Banalità logiche che sfuggono ai firmatari i quali sembrano non intendere che le recessioni sono dovute soprattutto a un'allocazione erronea degli investimenti. Nel caso 2007-? c'è stato troppo investimento nel settore immobiliare e in settori che producevano certi beni di consumo durevole; troppo poco in beni capitali e servizi avanzati come salute, energia, comunicazioni, educazione. La "crisi" consiste nel doloroso processo di riallocazione delle risorse da investimenti che si sono rivelati erronei a investimenti che ci auguriamo corretti. Poiché nessuno possiede la sfera di cristallo, nessuno sa oggi dire quali investimenti saranno un successo. Meno di tutti i funzionari ministeriali che, negli auspici dei 100, dovrebbero dirci cosa produrre e come.

È per giunta falso che la produttività del lavoro cresca più dei salari. Sia nella Ue che negli Usa, produttività del lavoro e salari crescono in parallelo, paese per paese, almeno dal secondo dopoguerra. È invece vero che, negli ultimi venti anni, il reddito disponibile alle famiglie è cresciuto meno della produttività in alcuni paesi europei, particolarmente in Italia: è sempre più intaccato da tasse, contributi e altri pubblici balzelli. I redditi delle famiglie sono stati erosi dallo stato, non dal mercato.

Veniamo alla Germania. L'argomento dei 100 è qui identico al precedente, basta sostituire "tedeschi" a "capitalisti" e "altri paesi europei" a "lavoratori". I tedeschi son diventati più produttivi - nota 2: perché gli altri no? -. Essi usano questa produttività per esportare facendo così consumare di più il resto degli europei, ben contenti d'indebitarsi.

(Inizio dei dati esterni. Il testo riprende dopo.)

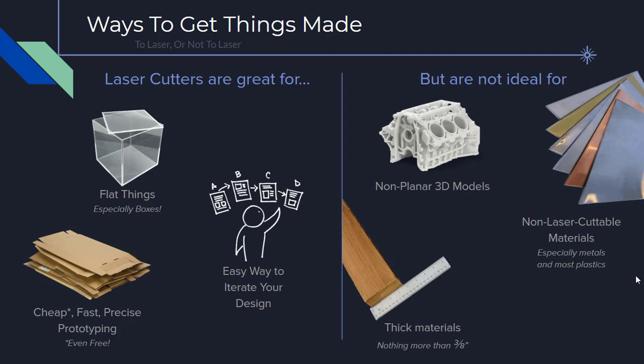When you start your design process, you should consider what questions the prototype will be able to answer for you — that will help you select the best direction. Laser cutters are great for flat things, especially boxes. You can find materials at low cost or even free as a way to iterate on the design of an enclosure. Laser cutters are not ideal for intricate 3D models; those are best done with a 3D printer.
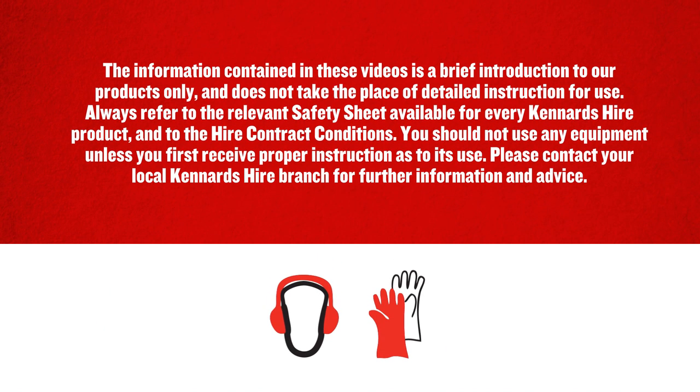While operating machinery, we recommend using the necessary safety gear, all of which every Kennards Hire branch has in stock. Follow all safety instructions Kennards Hire staff give you and always refer to the operator's instructions before operating. Instructions are available on the Kennards Hire website, or ask at your branch. Kennards Hire — making it easy.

L'argomento è, ad essere cauti, risibile.

Non c'è relazione quantitativa possibile fra il deficit commerciale di Grecia, Irlanda, Italia, Portogallo e Spagna con la Germania e il loro livello indebitamento pubblico: il paese con il maggior deficit commerciale è quello con il minor debito pubblico (Spagna), mentre l'Italia è all'estremo opposto! Il contrario di ciò che la teoria dei 100 predice. La Germania si trova poi a confrontarsi con un debito pubblico vicino al 90% del Pil, non esattamente una bazzecola. La decisione tedesca di contenere la spesa pubblica è saggia: è precondizione a una riduzione graduale della pressione tributaria, necessaria per una ripresa della domanda privata interna di consumi e investimenti.

Tutto questo non significa che, nel breve periodo, tagli di spesa pubblica non possano avere effetti recessivi. Proprio per questo abbiamo raccomandato maggiori e più sistematici tagli di spesa accompagnati da riduzioni del cuneo fiscale e da una riforma del sistema dei tributi. Riforma fiscale subito, non fra tre anni: questa è una delle tante riforme di cui ha bisogno l'Italia. I tagli di spesa pubblica vanno fatti soprattutto per liberare risorse mal occupate.

Le due ironiche "note" anteriori non erano solo battute. Né Krugman né gli avvocati nostrani della spesa pubblica a go-go si chiedono da dove vengano crescita dell'occupazione e aumento di produttività, uniche fonti di ricchezza duratura. Se la Germania è riuscita a recuperare produttività, perché non lo possono fare Italia, Spagna e altri paesi? Come possiamo crescere di nuovo? Forse che gli aumenti del debito pubblico aumentano occupazione e produttività? Poiché i 100 nemmeno si pongono tali quesiti, le proposte della loro lettera si riducono a poco di nuovo e niente di buono: stampare moneta, emettere maggior debito per finanziare maggior spesa, far marcia indietro con le privatizzazioni ricostruendo l'intervento pubblico in economia, impedire ai fondi pensione d'accedere ai mercati finanziari, adottare misure protezionistiche! Ovvero, garantire un rapido suicidio italiano al ritmo di tango argentino.